[Bug 1940043] Re: Upgrade from OVN 20.03 to newer OVN version will cause data plane outage
Frode Nordahl
1940043 at bugs.launchpad.net
Sun Nov 6 12:07:47 UTC 2022
Package versions before we start:
$ juju run --application ovn-central 'dpkg -l |grep ovn'
- Stdout: |
ii ovn-central 20.03.2-0ubuntu0.20.04.4 amd64 OVN central components
ii ovn-common 20.03.2-0ubuntu0.20.04.4 amd64 OVN common components
UnitId: ovn-central/0
- Stdout: |
ii ovn-central 20.03.2-0ubuntu0.20.04.4 amd64 OVN central components
ii ovn-common 20.03.2-0ubuntu0.20.04.4 amd64 OVN common components
UnitId: ovn-central/1
- Stdout: |
ii ovn-central 20.03.2-0ubuntu0.20.04.4 amd64 OVN central components
ii ovn-common 20.03.2-0ubuntu0.20.04.4 amd64 OVN common components
UnitId: ovn-central/2
$ juju run --application ovn-chassis 'dpkg -l |grep ovn'
- Stdout: |
ii neutron-ovn-metadata-agent 2:16.4.2-0ubuntu4 all Neutron is a virtual network service for Openstack - OVN metadata agent
ii ovn-common 20.03.2-0ubuntu0.20.04.4 amd64 OVN common components
ii ovn-host 20.03.2-0ubuntu0.20.04.4 amd64 OVN host components
UnitId: ovn-chassis/0
- Stdout: |
ii neutron-ovn-metadata-agent 2:16.4.2-0ubuntu4 all Neutron is a virtual network service for Openstack - OVN metadata agent
ii ovn-common 20.03.2-0ubuntu0.20.04.4 amd64 OVN common components
ii ovn-host 20.03.2-0ubuntu0.20.04.4 amd64 OVN host components
UnitId: ovn-chassis/1
Ping running instances:
$ ping 10.78.95.55
PING 10.78.95.55 (10.78.95.55) 56(84) bytes of data.
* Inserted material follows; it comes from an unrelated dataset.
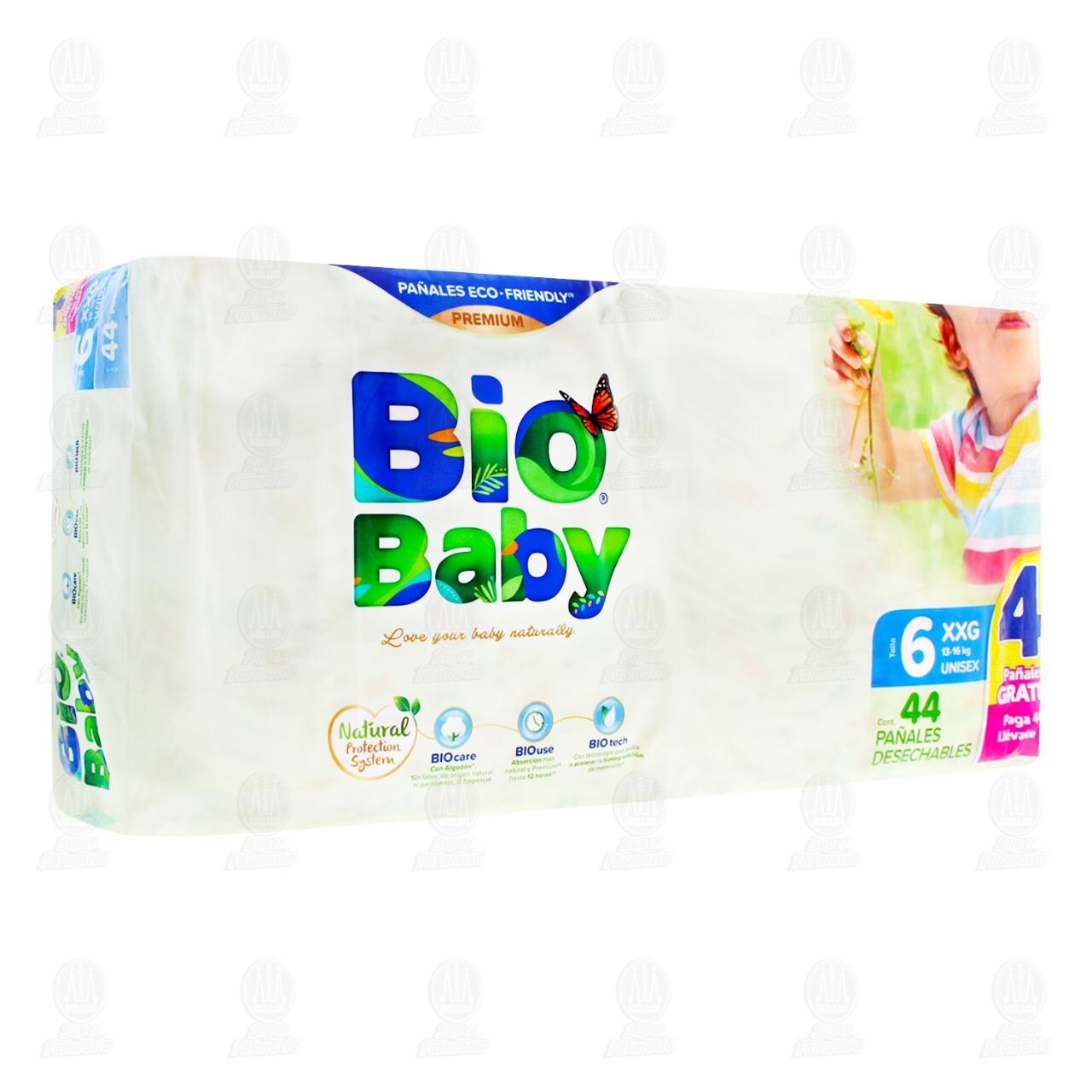 Pañales para Bebé Bio Baby Talla 6 XXG Unisex, 40 pzas.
64 bytes from 10.78.95.55: icmp_seq=1 ttl=63 time=1.80 ms
64 bytes from 10.78.95.55: icmp_seq=2 ttl=63 time=1.22 ms
64 bytes from 10.78.95.55: icmp_seq=3 ttl=63 time=1.06 ms
...
$ ping 10.78.95.162
PING 10.78.95.162 (10.78.95.162) 56(84) bytes of data.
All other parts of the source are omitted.